ママになっても、極上ドクターから独占愛で迫られています
「先に行ってて。みちるもずっと抱っこして疲れているだろう」

「これくらい大丈夫だよ。ジュースも自分で買える」

「ジュースを見た蒼斗くんが、すぐに飲みたいと興奮するんじゃないか?」

 言われてみたらそうかもしれない。飲ませるには抱っこ紐から下ろさないといけないし、小児科の受付を済ませる前にそうなると面倒だ。

 そこでふと違和感を覚える。

 あれ? 蒼斗の名前って教えたっけ?

「どうした?」

 私に不審の眼差しを送られた蒼さんは首を傾げる。

「この子の名前……」

「ああ。さっき母子手帳に書いてあったから」

 ドッドッと心臓が大きく跳ねて呼吸がしづらい。

 サラリと言う彼の表情からは感情が読み取れないけれど、あれを見てピンと来ない方がおかしいだろう。

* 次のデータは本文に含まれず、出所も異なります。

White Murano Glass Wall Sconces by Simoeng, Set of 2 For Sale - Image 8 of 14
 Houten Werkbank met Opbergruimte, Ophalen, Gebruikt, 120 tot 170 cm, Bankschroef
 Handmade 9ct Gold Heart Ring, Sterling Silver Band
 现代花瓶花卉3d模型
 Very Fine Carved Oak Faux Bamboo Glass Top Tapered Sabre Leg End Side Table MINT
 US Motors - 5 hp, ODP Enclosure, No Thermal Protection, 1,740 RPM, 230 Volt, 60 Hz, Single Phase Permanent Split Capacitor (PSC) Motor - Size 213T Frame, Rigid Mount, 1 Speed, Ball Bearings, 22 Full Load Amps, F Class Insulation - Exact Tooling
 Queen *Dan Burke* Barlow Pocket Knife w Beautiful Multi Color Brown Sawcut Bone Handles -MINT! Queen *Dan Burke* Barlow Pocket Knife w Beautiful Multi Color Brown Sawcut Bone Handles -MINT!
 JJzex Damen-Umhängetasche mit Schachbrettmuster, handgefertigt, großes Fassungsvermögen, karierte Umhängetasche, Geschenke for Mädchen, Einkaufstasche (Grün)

 だって、蒼斗の漢字は彼の名前からもらったものだから。

「いいから行っておいで」

 ふわりと包み込まれるような穏やかな顔で言われては従うしかない。というか、今ここで口を開くのが怖かった。

 こくりとうなずいて踵を返す。蒼さんに背を向けて二階へと続くエスカレーターに乗りながら、どう誤魔化そうかと必死に思考を巡らせた。